How would the following code behave, especially when the double counter reaches its limit ((2-2^-52)·2^1023)?

for (double i = 0; i < Double.POSITIVE_INFINITY; i++){
    //do something
}

Would this code behave as expected (loop forever) or fail at some point and why?

Thanks.

Answer 1

At some point, i++ will stop having any effect, because for very large values of i, consecutive double values are far apart.

Therefore it is an infinite loop.

To prove there are double values for which i == i + 1 try this:

for (double i = 1;; i *= 2){
    if (i == i + 1) {
        System.out.println(i); 
        break;
    }
}

It prints

9.007199254740992E15

Answer 2

This code will never exit the loop.

The reason for this is that adding 1 to a sufficiently large double number does not change its value:

double a = 1.7976931348623155E308;
double old = a;
a++;
System.out.println(a);      // prints 1.7976931348623155E308
System.out.println(old);    // prints 1.7976931348623155E308
System.out.println(a==old); // prints "true"

Demo.

In fact, when the value of double gets sufficiently close to positive infinity, you need to add a number well above 10²⁰⁰ in order to make your large double change value and become POSITIVE_INFINITY.

The reason for this is the way double represents large numbers.
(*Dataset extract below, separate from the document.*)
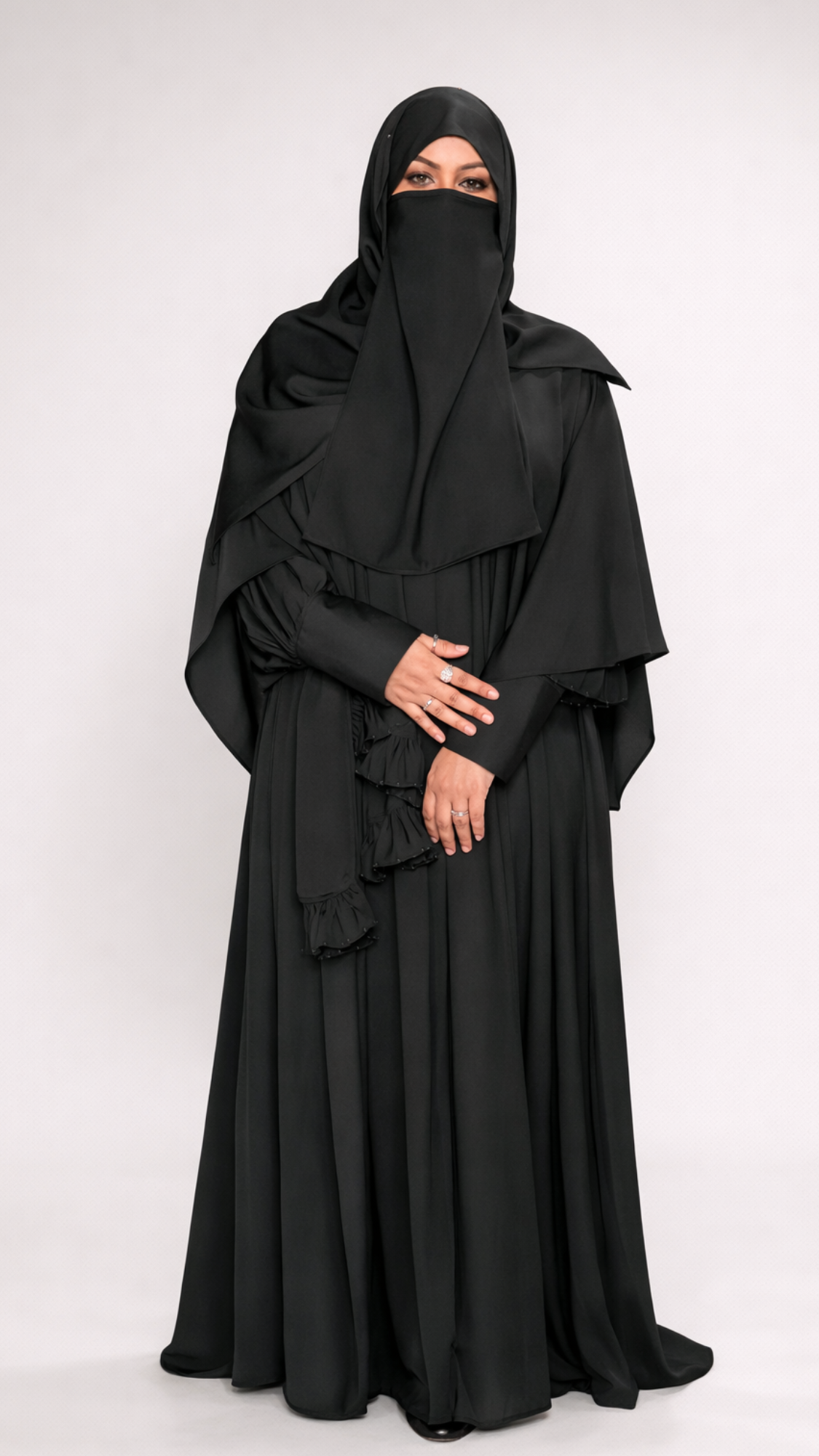 Khadijah 2| Black 4-Piece Abaya Set | Pleated Zip Abaya, Snap Cape & Pearl Shayla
It uses a short mantissa to represent the most significant digits of the value, and an exponent to indicate where the fractional point should be placed. In case of very large numbers, the exponent is essentially an indication of how many zeros need to be added after the binary representation of the mantissa.

In order to make your double number change value through addition, you need to add a number that is at least as large as the least significant bit of the mantissa. Once the binary exponent goes above 48, the smallest number that you need to add in order for the result to be different becomes 2, meaning that ++ would no longer change the value.